Ausblasen oder Bersten wurde immer nur dann beobachtet, wenn im Betriebszustand die mindestens erforderliche Flächenpressung unterschritten wurde.

Dies ist unabhängig von der Dichtflächengüte, sie spielt in diesem Zusammenhang keine Rolle. Auch die Festigkeit des Dichtungswerkstoffs spielt unter dem Gesichtspunkt der Berstsicherheit keine Rolle, sonst könnt man zum Beispiel keine Dichtungen aus expandier-tem Graphit mit einer bekanntlich äußerst geringen Zugfestigkeit einsetzen.

6) Zusammenfassung

Die Kommentare zu Punkt 3 und Punkt 4 haben gezeigt, dass eine bessere Oberflächengüte als von der Norm mindestens gefordert ein verbessertes Dichtverhalten ergibt.

Der Kommentar zu Punkt 5 hat gezeigt, dass eine bessere Oberflächengüte andererseits keine Nachteile im Sicherheitsverhalten mit sich bringt.
Flanschdichtflächen mit besserer als der Norm entsprechender Oberflächengüte werden nur deshalb nicht explizit gefordert, weil damit unnötige Kostensteigerungen einhergehen würden.

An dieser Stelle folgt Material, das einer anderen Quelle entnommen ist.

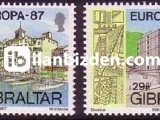 GİBRALTAR 1987 DAMGASIZ AVRUPA CEPT SERİSİ
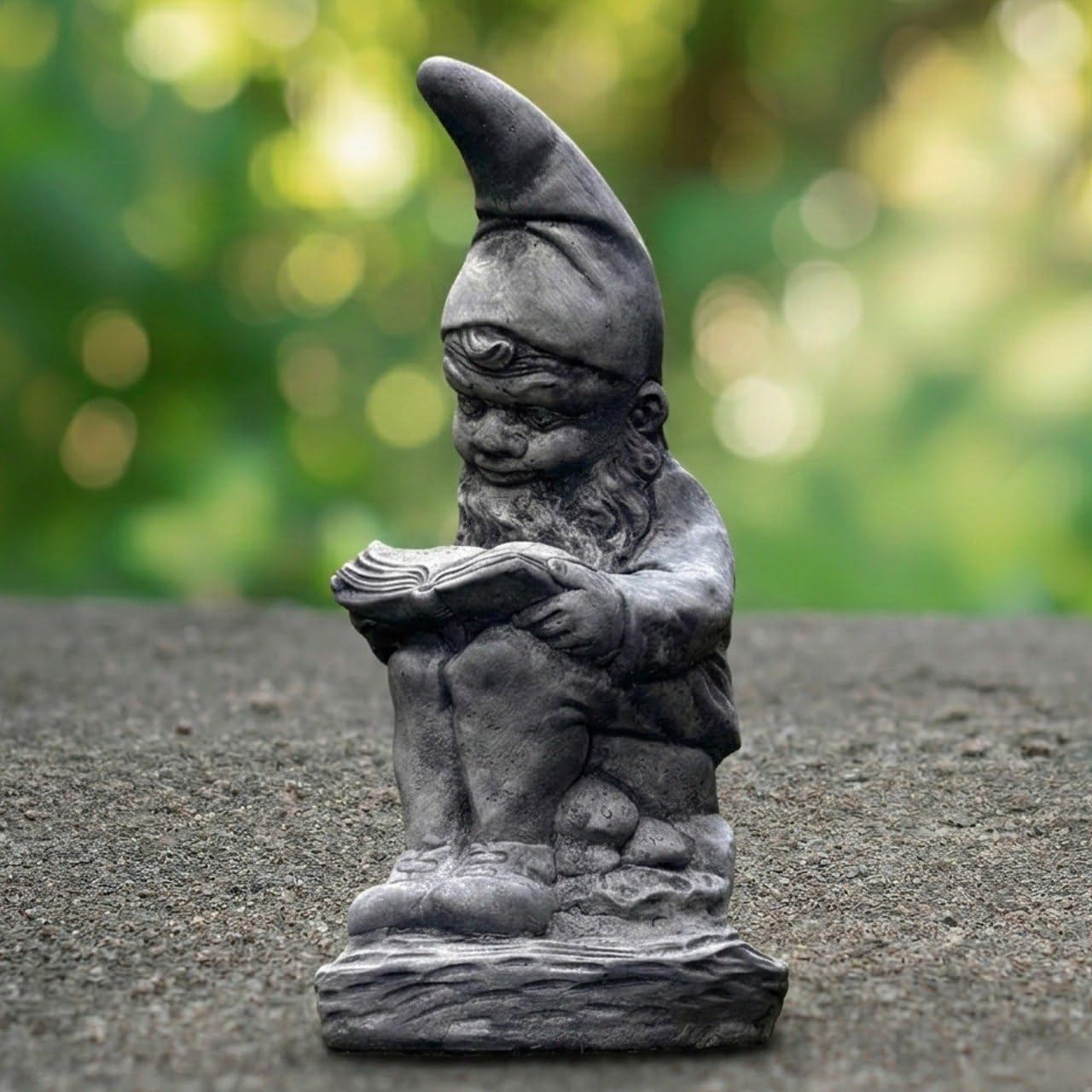 OLOMA Reading Gnome Statue Book Lover Sculpture Wise Garden Troll Figurine Storytelling Gnome Concrete Outdoor Statue Cement Yard Art Patio Fantasy Accent Gift
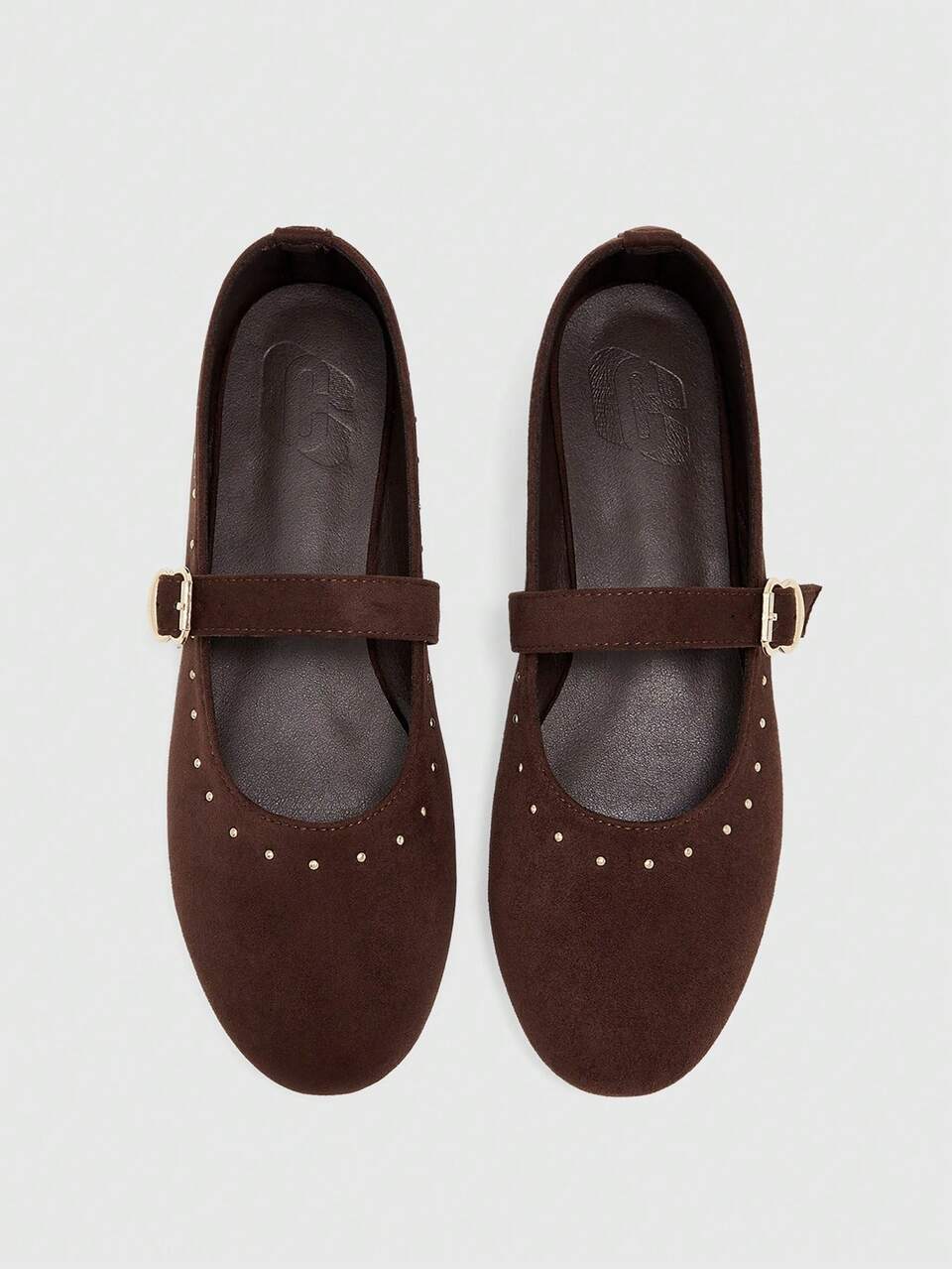 CUCCOO BIZCHIC Vintage Brown Suede Mary Jane Flats, Riveted Buckle Strap Daily Commuter Shoes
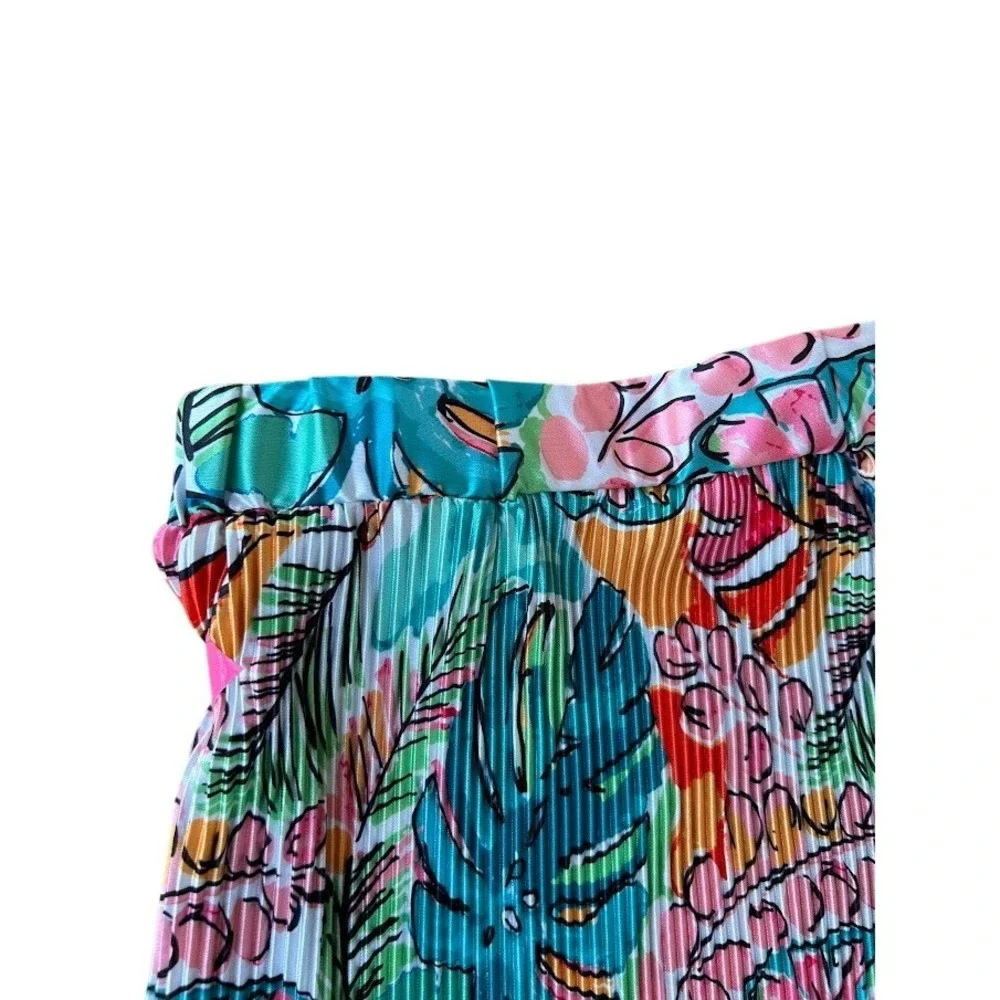 Jess Lea Pleated Tropical Floral‎ Print Drawstring Lounge Shorts Women's 2X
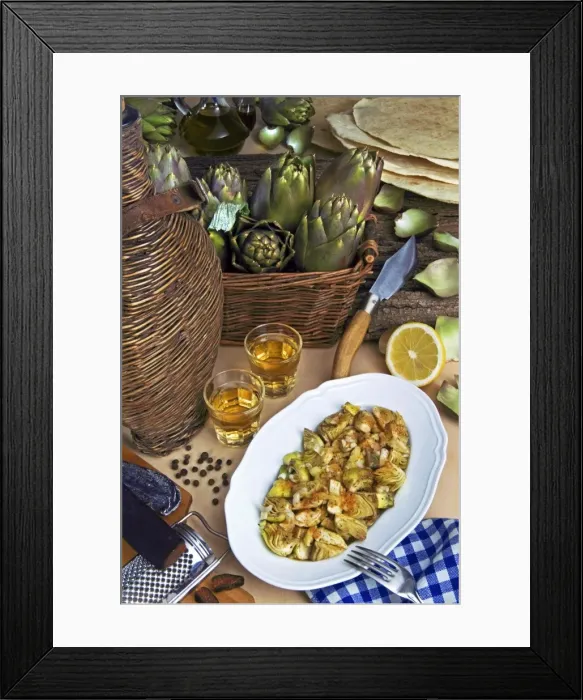 Framed Print : Artichokes and bottarga (botargo) (cured fish roe), a Mediterranean delicacy from Sardinian cooking Framed Print : Artichokes and bottarga (botargo) (cured fish roe), a Mediterranean delicacy from Sardinian cooking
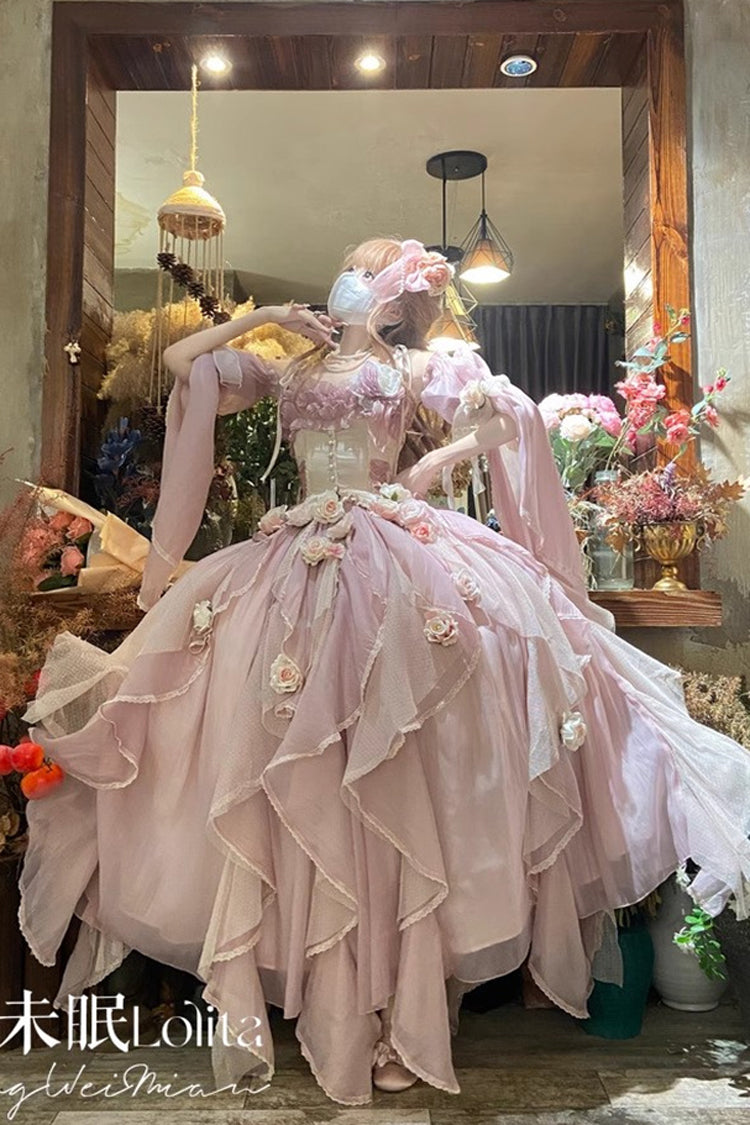 Praise of the Flower Goddess Off Shoulder Ruffle Hanayome Bowknot Lace Fishbone Sweet Lolita Jsk Dress 2 Colors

Alles spricht gegen den Einsatz von Flanschen mit Dichtflächen, die eine schlechtere, rauere Oberflächengüte aufweisen als die Norm mindestens fordert.
Nichts spricht aber gegen den Einsatz von Flanschen mit Dichtflächen, die eine bessere Oberflächengüte aufweisen als die Norm fordert. Eine Verbesserung der Oberflächengüte führt zu einer Verbesserung der Abdichteigenschaften der Flanschverbindung ohne die Sicherheit zu beeinträchtigen.